Introduce causal mask (#90508)

Michael Gschwind · facebook-github-bot · commit 5560eb43e9ef · 2022-12-16T07:58:36.000-08:00
Summary: Pull Request resolved: #90508 Introduce causal mask Test Plan: sandcastle & github ci/cd Reviewed By: albanD, mleshen Differential Revision: D41723137 fbshipit-source-id: 5cb222d672e8f174a1447a91414068ba87490dc3
diff --git a/test/nn/test_multihead_attention.py b/test/nn/test_multihead_attention.py
@@ -183,7 +183,9 @@ def _multihead_attn_test_helper(add_key_padding_mask=False, add_bias_kv=False, a
                         multihead_attn_module.out_proj.weight, multihead_attn_module.out_proj.bias,
                         multihead_attn_module.training, key_padding_mask_tensor, True, attn_mask_tensor,
                         static_k=saved_k_tensor, static_v=saved_v_tensor,
-                        average_attn_weights=average_attn_weights)

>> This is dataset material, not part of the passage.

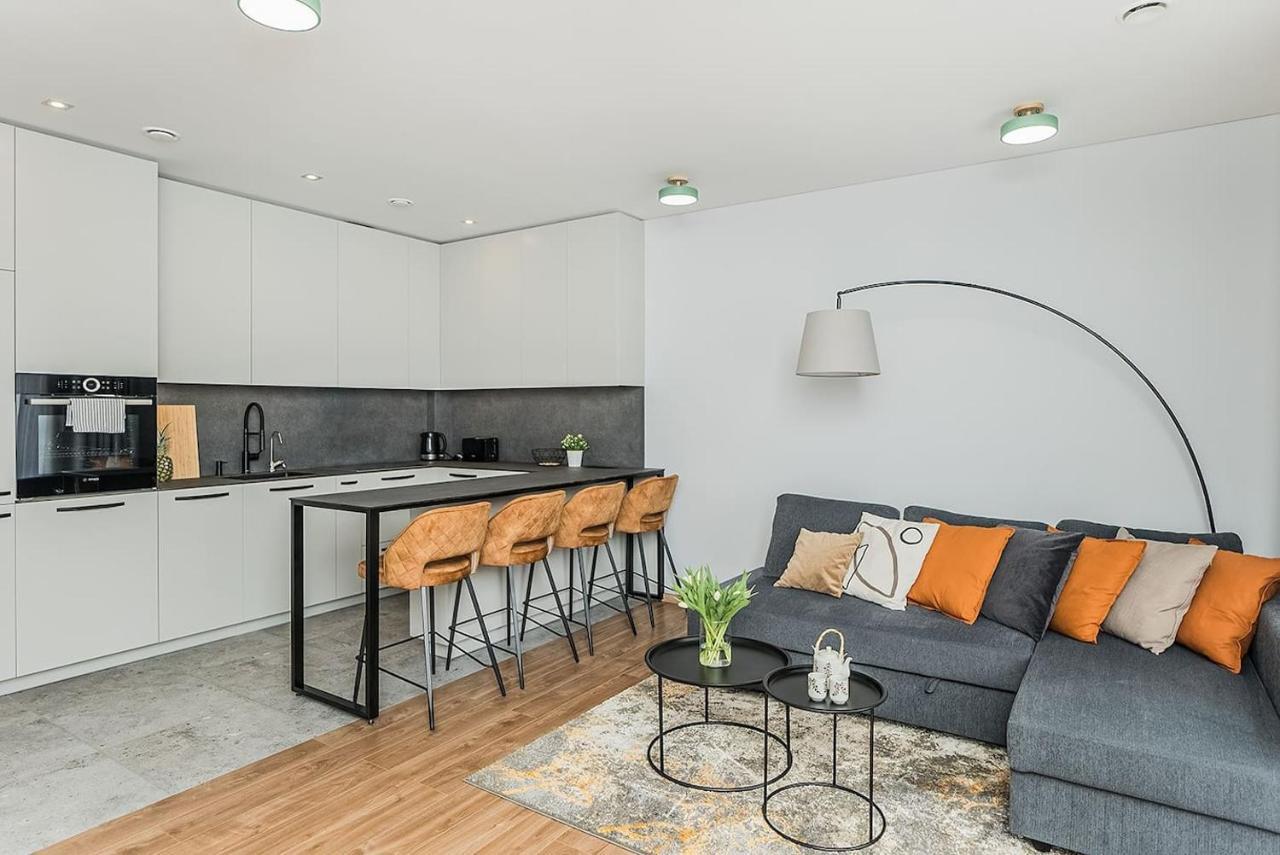 Lovely Apartment With Private Terrace By Urban Rent Kaunas Exterior foto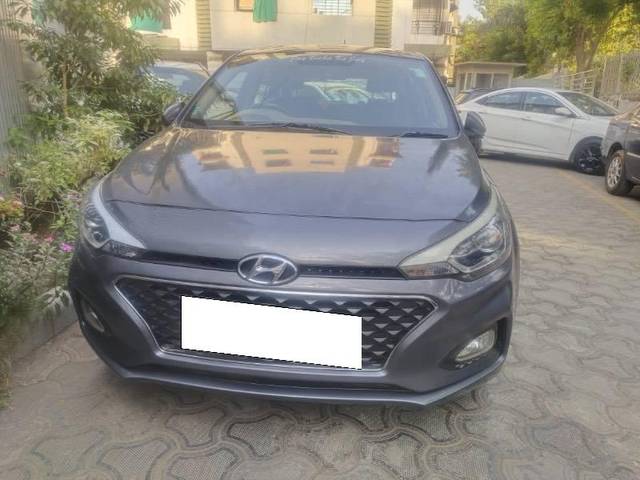 https://images10.gaadi.com/usedcar_image/4576095/original/processed_087895da-5ff6-480f-ab14-70cda29283a2.jpeg?imwidth=6402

+                        average_attn_weights=average_attn_weights,
+                        is_causal=False,
+                    )
                 else:
                     result, result_weight = torch.nn.functional.multi_head_attention_forward(
                         _Q, _K, _V,
@@ -196,7 +198,9 @@ def _multihead_attn_test_helper(add_key_padding_mask=False, add_bias_kv=False, a
                         True, multihead_attn_module.q_proj_weight,
                         multihead_attn_module.k_proj_weight, multihead_attn_module.v_proj_weight,
                         static_k=saved_k_tensor, static_v=saved_v_tensor,
-                        average_attn_weights=average_attn_weights)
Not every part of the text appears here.